Curiosity · Concept
Model Parallelism (Tensor and Pipeline)
Frontier LLMs have hundreds of billions of parameters and do not fit on a single GPU even at inference. Tensor parallelism, introduced at scale by Megatron-LM, shards each weight matrix column- or row-wise across devices; every GPU computes its slice of a matmul and an all-reduce combines results. Pipeline parallelism instead assigns different layers to different GPUs and streams micro-batches through the pipeline to keep everyone busy. Real-world training stacks (Megatron-DeepSpeed, Llama training, ZeRO) compose tensor + pipeline + data parallelism into 3D parallelism across thousands of GPUs. Inference systems use similar primitives, plus expert parallelism for MoE.
Quick reference
- Proficiency
- Advanced
- Also known as
- tensor parallelism, pipeline parallelism, 3D parallelism
- Prerequisites
- transformer-decoder-only, GPU basics
Frequently asked questions
What is model parallelism?
Model parallelism is any technique that splits a single neural network across multiple GPUs because the model is too large (or too slow) to run on one. The two main flavors are tensor parallelism (sharding individual matmuls) and pipeline parallelism (assigning different layers to different GPUs).

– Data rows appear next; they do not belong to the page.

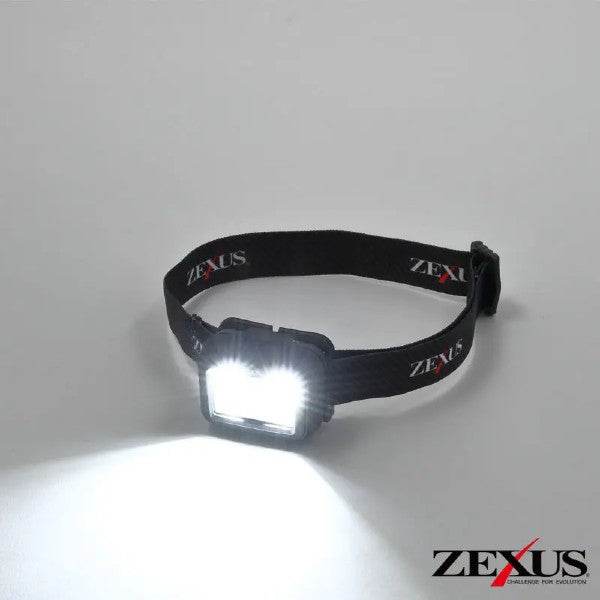 ZEXUS HEAD LIGHT ZX-190 - Britannic Trade
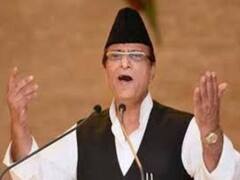 महिला सांसद पर आजम खान के बयान के बाद लोकसभा में हंगामा, सदन से बाहर गये सपा सांसद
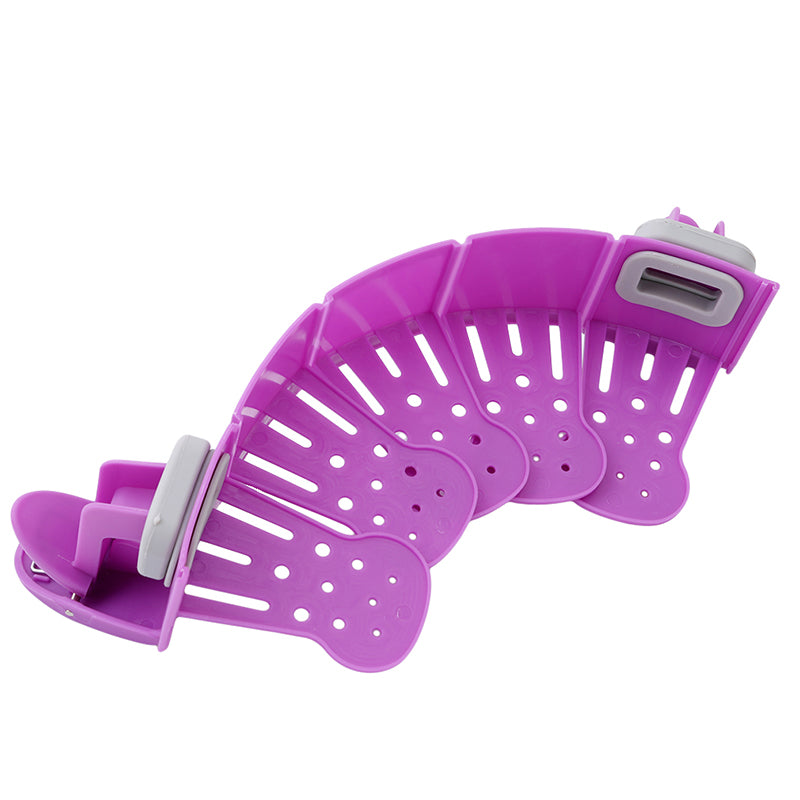 Universal Silicone Clip-on Pot Strainer with Anti-Spill Clips – image 9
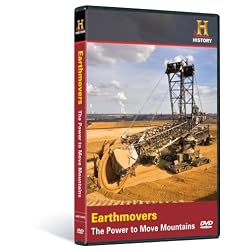 Modern Marvels: Earthmovers - The Power to Move Mountains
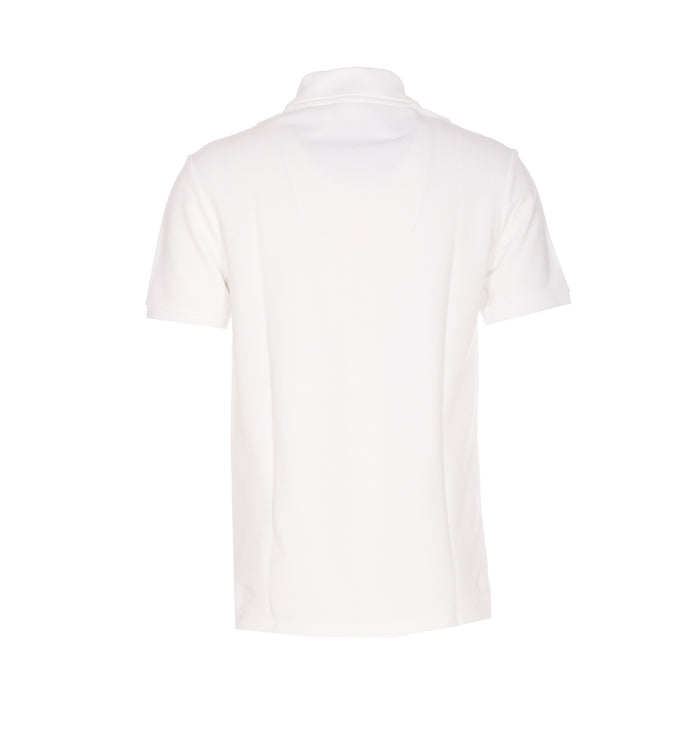 Balmain T-shirts and Polos White Cotton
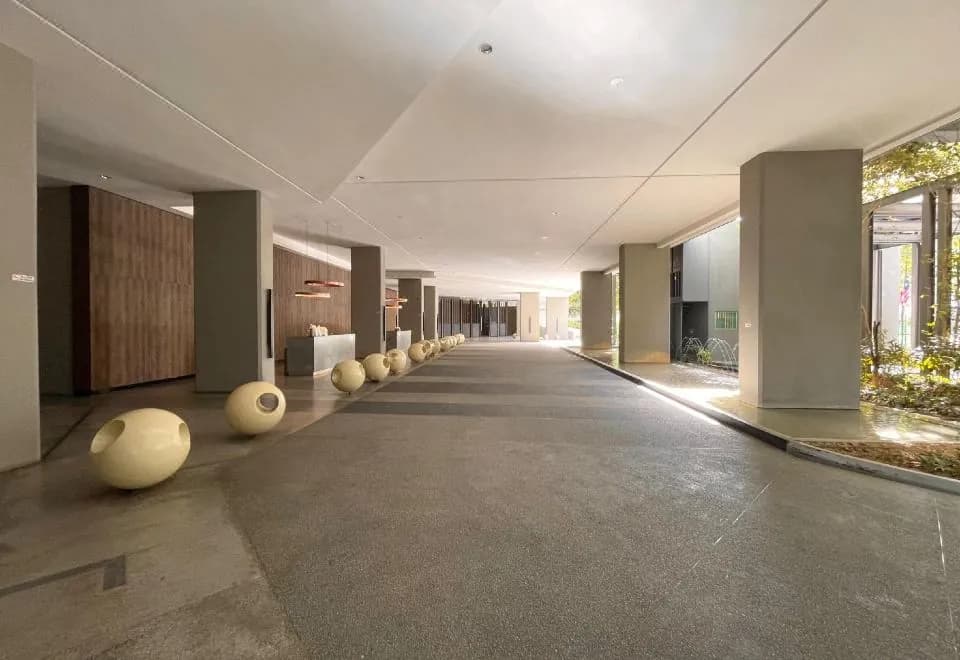 The Mews KLCC by PILLOWTALKS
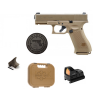 Pack Umarex Glock 19X Gen.5 Gaz Tan 22BBs 1J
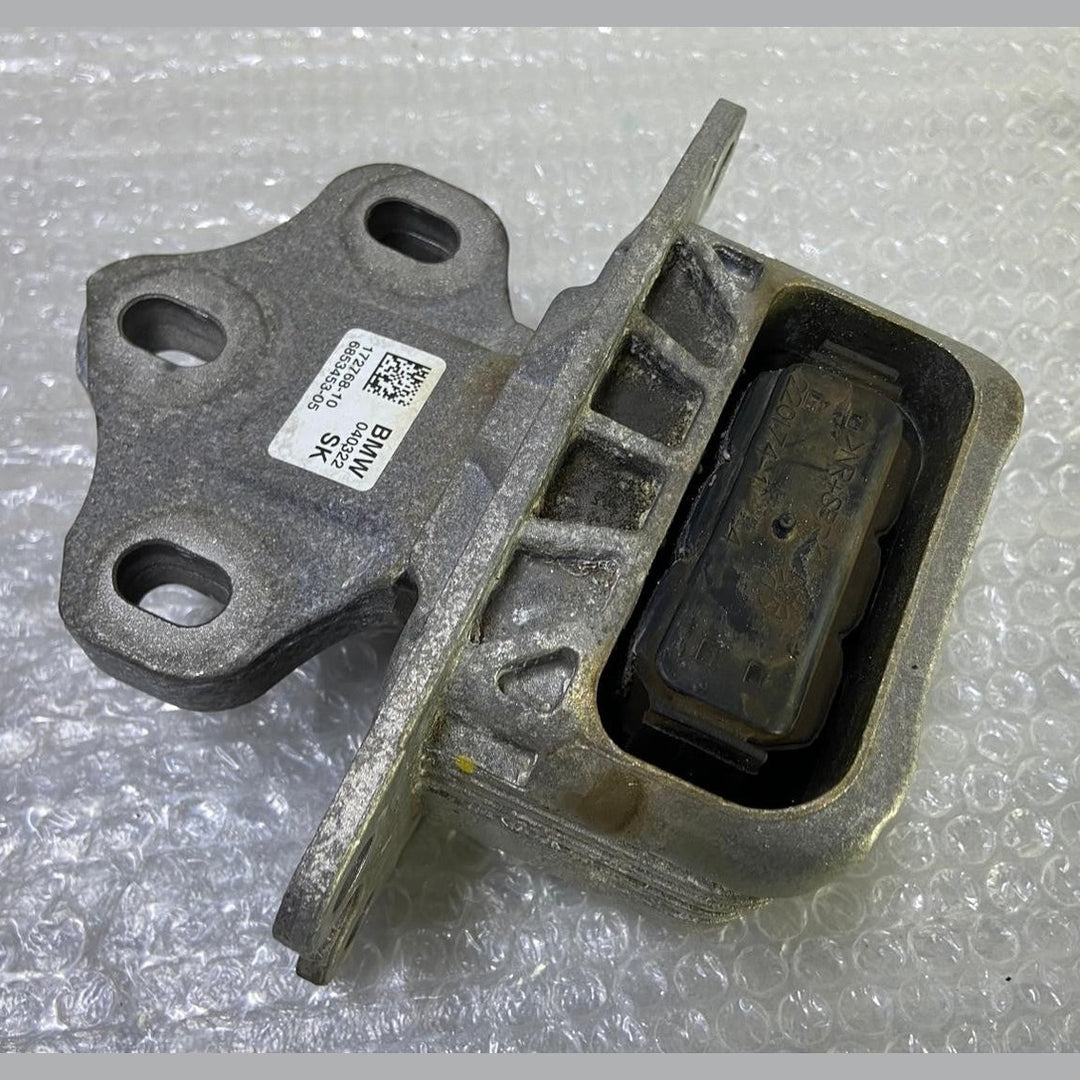 OEM BMW F44 PETROL B38A15F GEARBOX ENGINE MOUNT 6853453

Tensor parallelism vs pipeline parallelism?
Tensor parallelism splits each weight matrix across GPUs in the same layer — low latency but requires fast interconnect (NVLink) and every matmul incurs an all-reduce. Pipeline parallelism puts whole layers on different GPUs and pipelines micro-batches — less bandwidth-hungry but suffers from pipeline bubbles.
How is it different from data parallelism?
Data parallelism replicates the full model on every GPU and splits the batch. That's fine until the model doesn't fit. When it doesn't, you need model parallelism; in practice large training jobs combine both (plus pipeline and expert parallelism).
What is 3D parallelism?
The combination of tensor, pipeline, and data parallelism used in frameworks like Megatron-DeepSpeed to train frontier-scale models across thousands of GPUs. Each dimension scales differently, and the product hits the compute budget no single dimension could.